▸ **Task**:
Every line from the start of the data through the line containing "Mesa de Jardín" should be retyped exactly; the pictures should not.

▸ **Supplied records**:

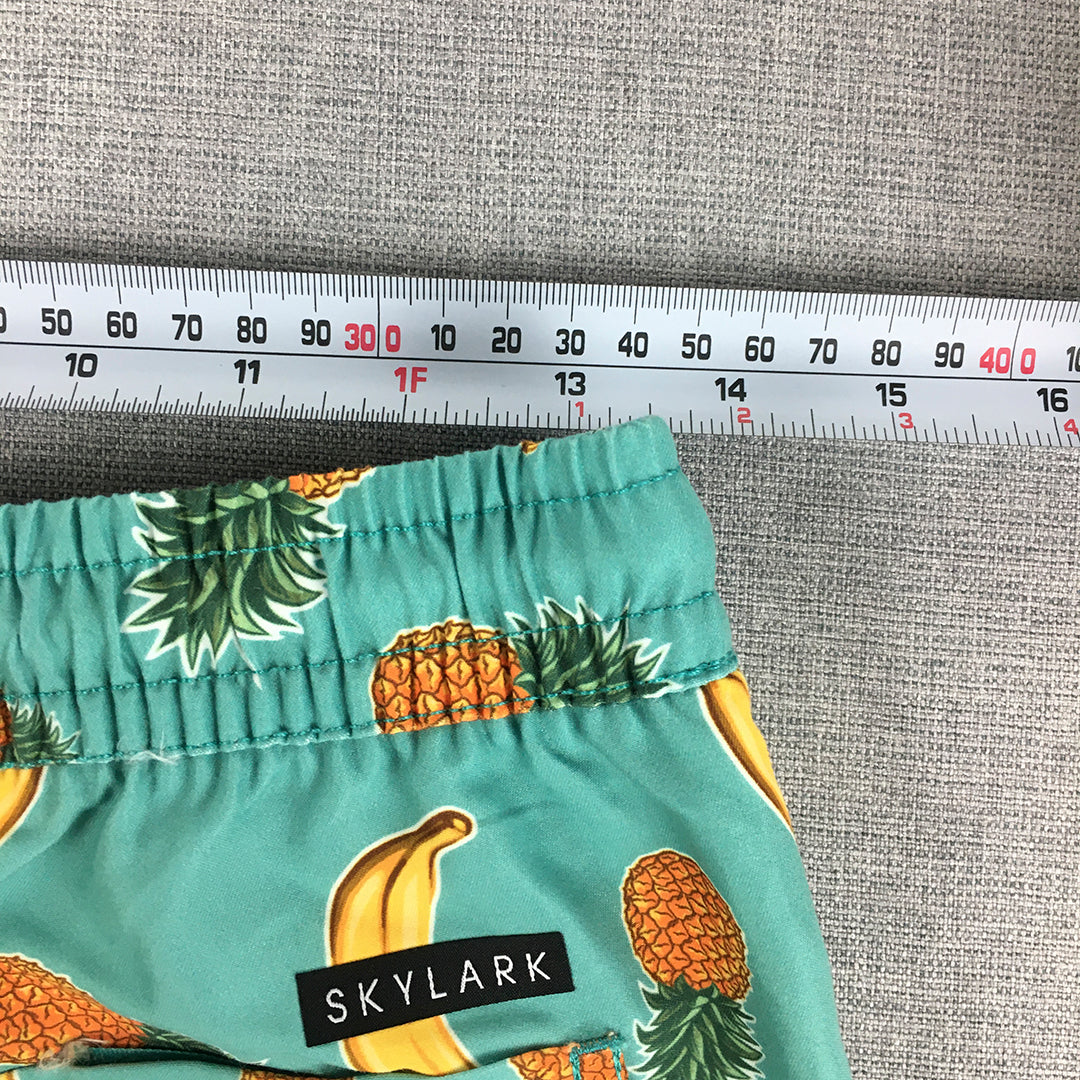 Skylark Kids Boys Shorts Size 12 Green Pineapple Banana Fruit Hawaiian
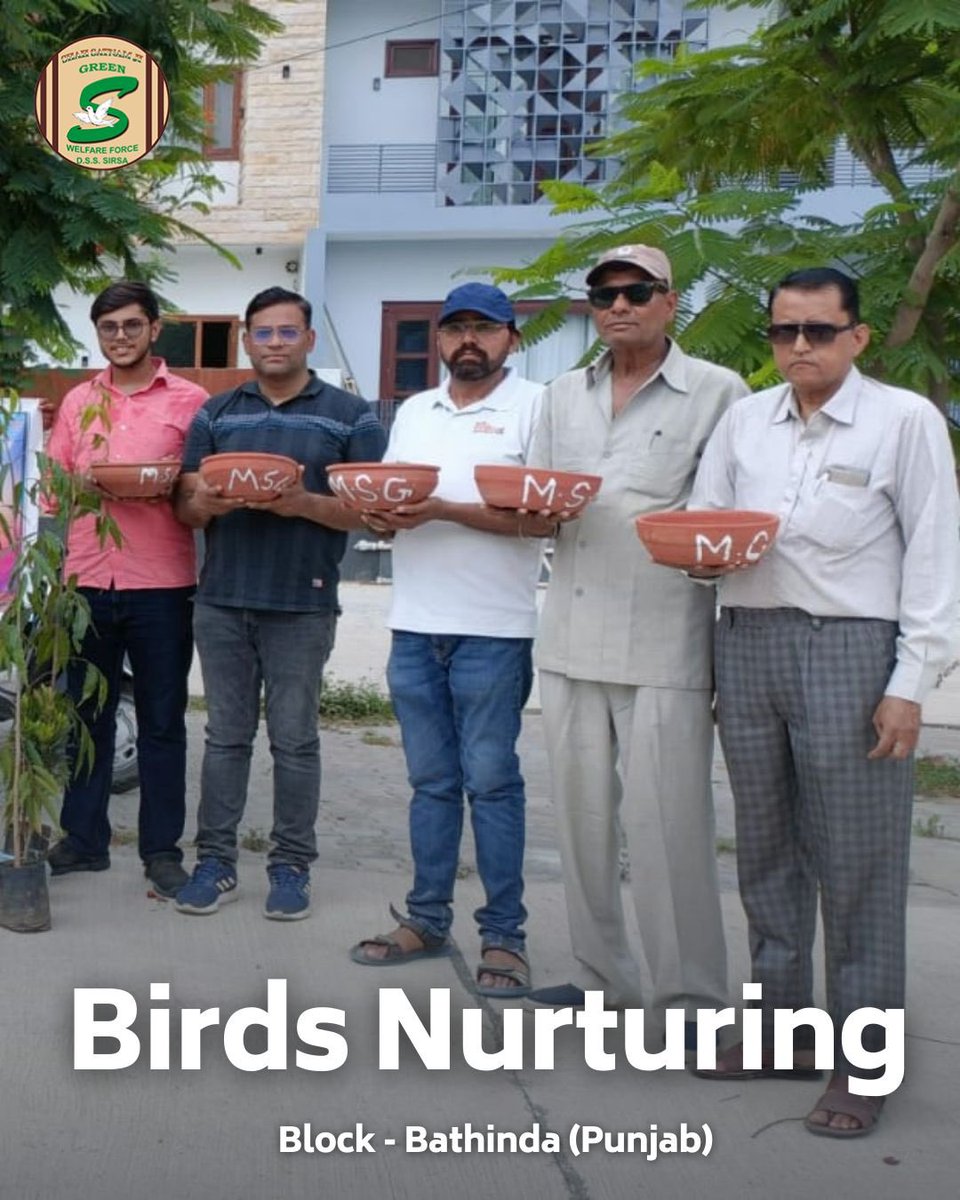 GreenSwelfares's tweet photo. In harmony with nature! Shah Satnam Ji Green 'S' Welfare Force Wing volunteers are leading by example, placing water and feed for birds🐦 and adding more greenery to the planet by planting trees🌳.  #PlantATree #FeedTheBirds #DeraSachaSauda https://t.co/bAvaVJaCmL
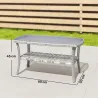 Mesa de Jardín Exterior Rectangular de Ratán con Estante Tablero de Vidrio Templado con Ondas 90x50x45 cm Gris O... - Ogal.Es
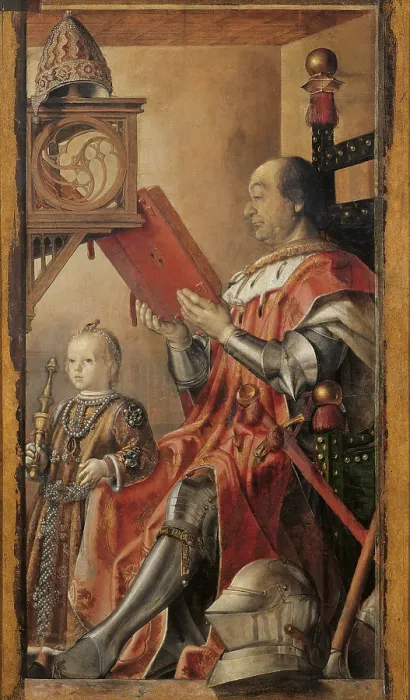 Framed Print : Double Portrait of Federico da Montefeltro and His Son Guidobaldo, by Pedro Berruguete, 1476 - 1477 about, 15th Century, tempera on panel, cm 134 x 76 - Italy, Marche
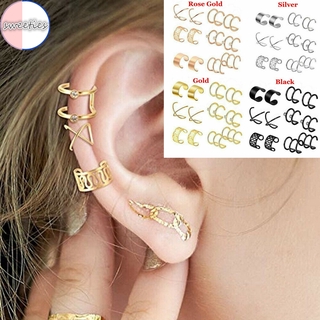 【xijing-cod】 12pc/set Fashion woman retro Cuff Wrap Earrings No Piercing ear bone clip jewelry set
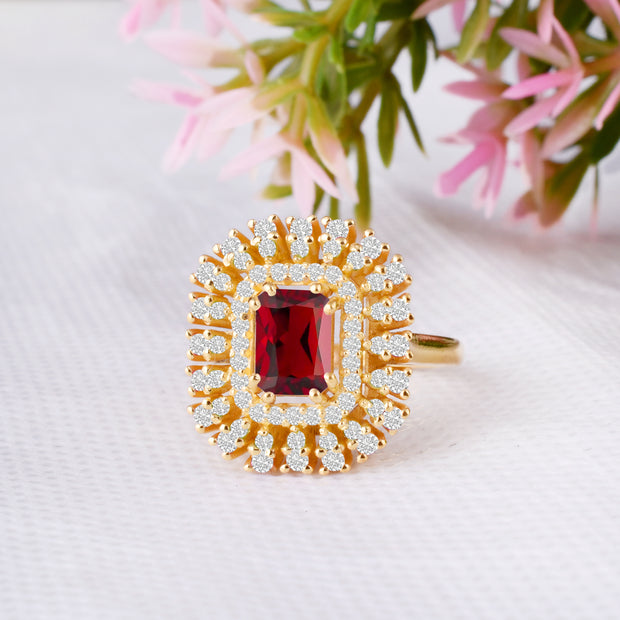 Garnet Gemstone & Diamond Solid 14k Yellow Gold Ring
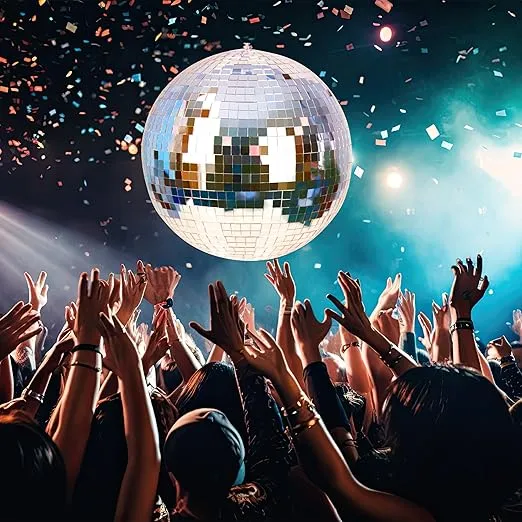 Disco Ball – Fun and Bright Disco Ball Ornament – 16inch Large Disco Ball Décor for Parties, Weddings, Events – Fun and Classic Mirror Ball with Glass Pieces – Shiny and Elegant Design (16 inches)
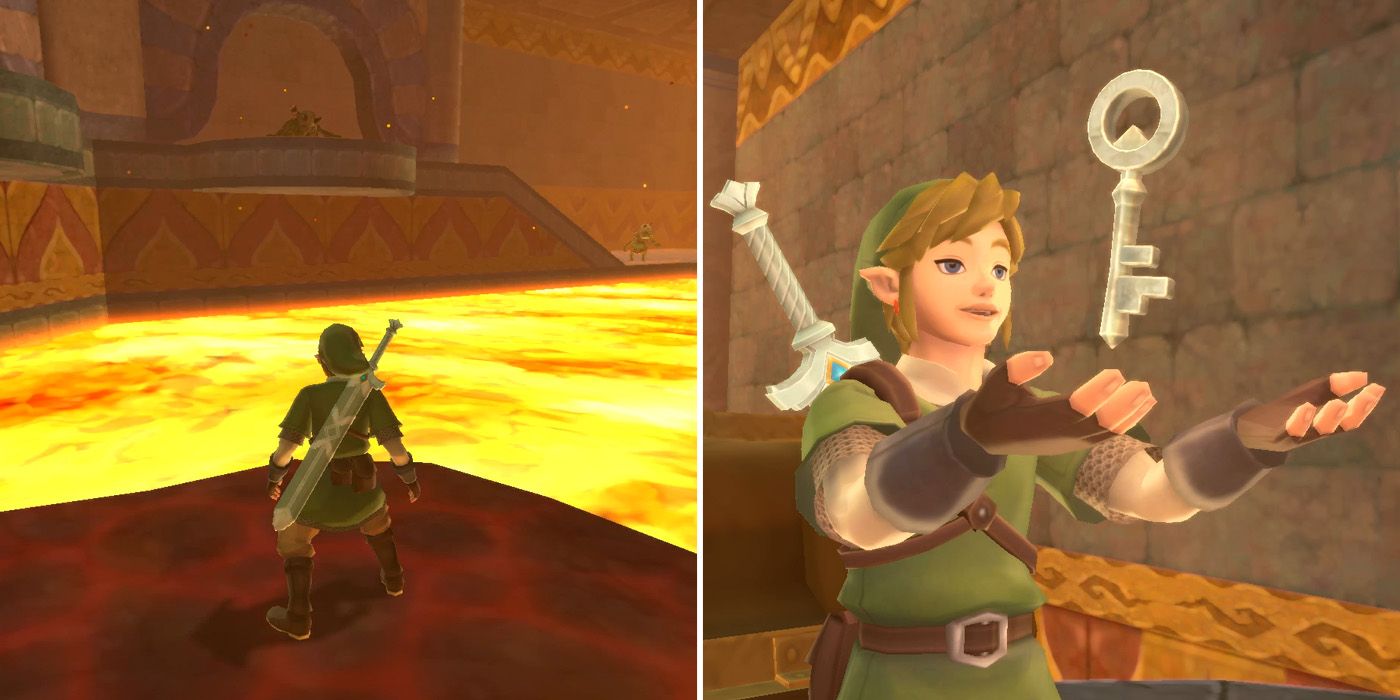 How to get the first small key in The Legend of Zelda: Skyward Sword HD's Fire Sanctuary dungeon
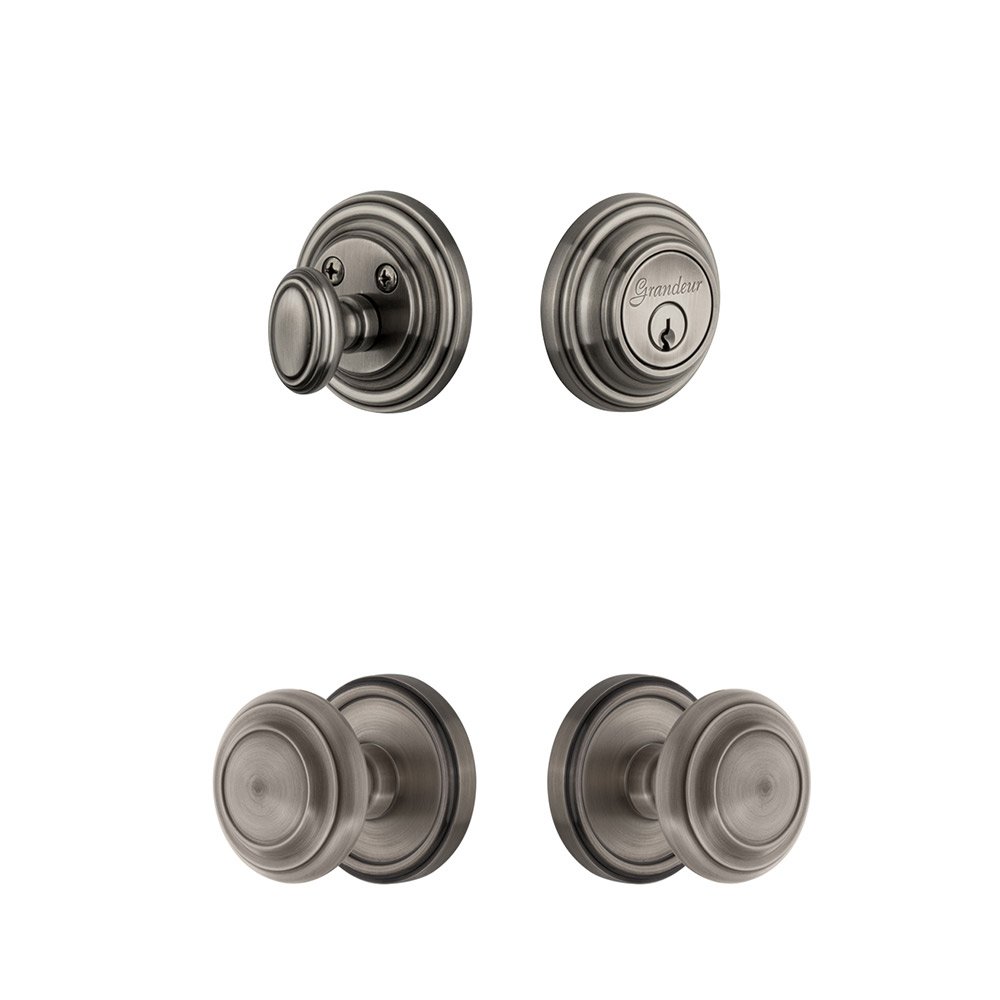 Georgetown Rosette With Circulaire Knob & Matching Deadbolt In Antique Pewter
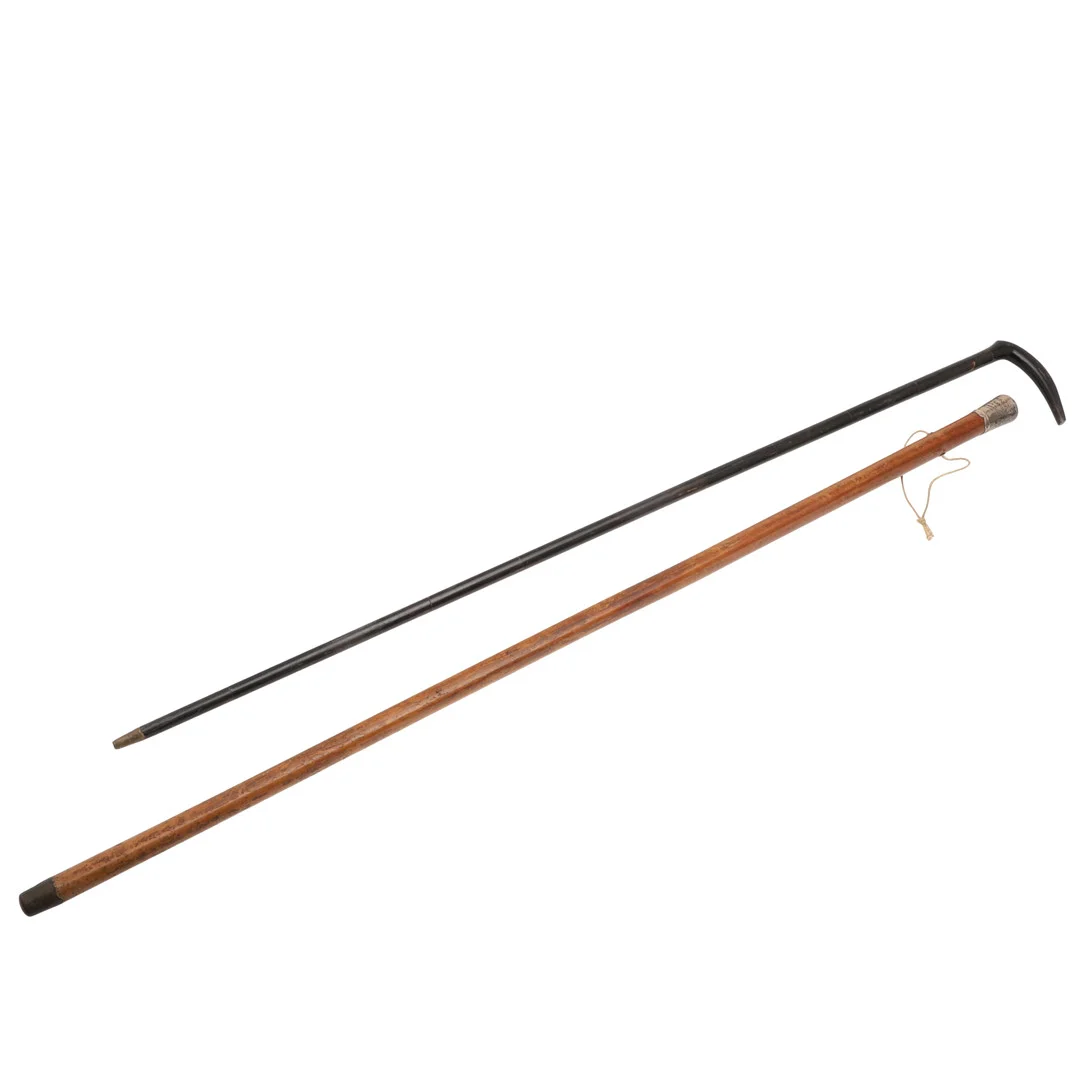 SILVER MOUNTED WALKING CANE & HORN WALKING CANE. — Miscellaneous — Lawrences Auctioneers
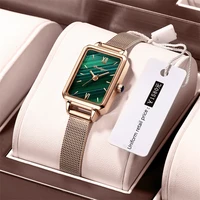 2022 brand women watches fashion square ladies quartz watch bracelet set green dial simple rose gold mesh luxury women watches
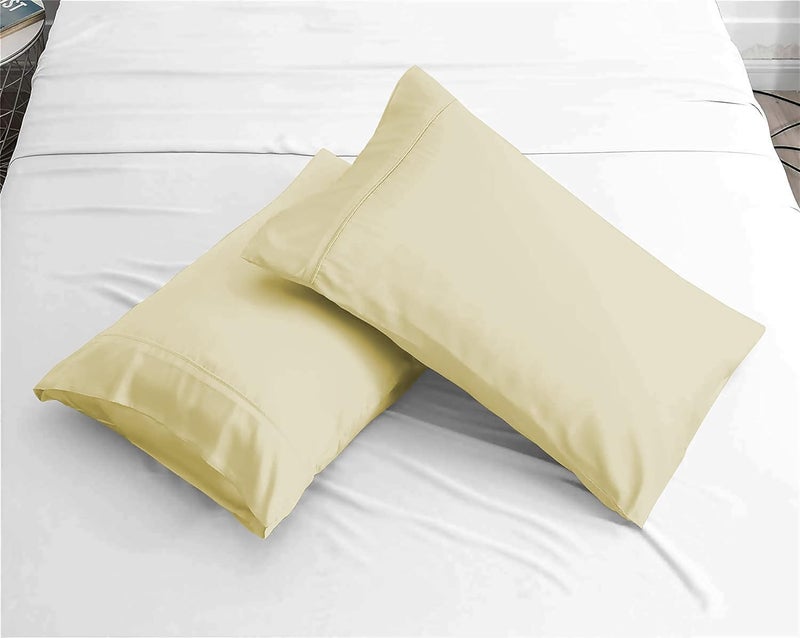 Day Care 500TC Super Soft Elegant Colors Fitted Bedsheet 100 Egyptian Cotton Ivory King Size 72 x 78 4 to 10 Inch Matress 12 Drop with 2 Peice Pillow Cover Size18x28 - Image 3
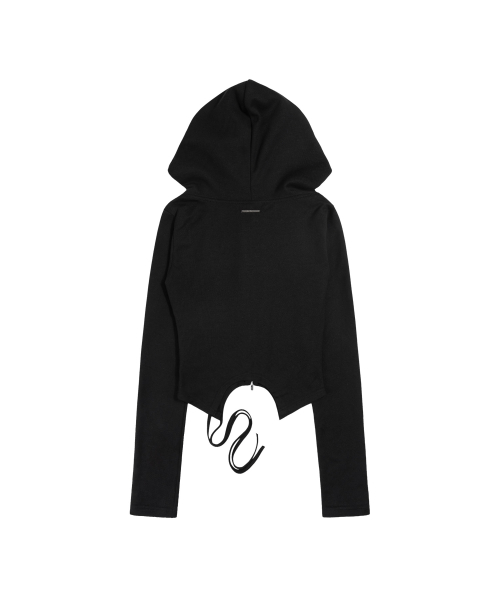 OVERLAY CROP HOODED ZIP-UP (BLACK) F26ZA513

▸ **Response below**:
 Skylark Kids Boys Shorts Size 12 Green Pineapple Banana Fruit Hawaiian
 GreenSwelfares's tweet photo. In harmony with nature! Shah Satnam Ji Green 'S' Welfare Force Wing volunteers are leading by example, placing water and feed for birds🐦 and adding more greenery to the planet by planting trees🌳.  #PlantATree #FeedTheBirds #DeraSachaSauda https://t.co/bAvaVJaCmL
 Mesa de Jardín Exterior Rectangular de Ratán con Estante Tablero de Vidrio Templado con Ondas 90x50x45 cm Gris O... - Ogal.Es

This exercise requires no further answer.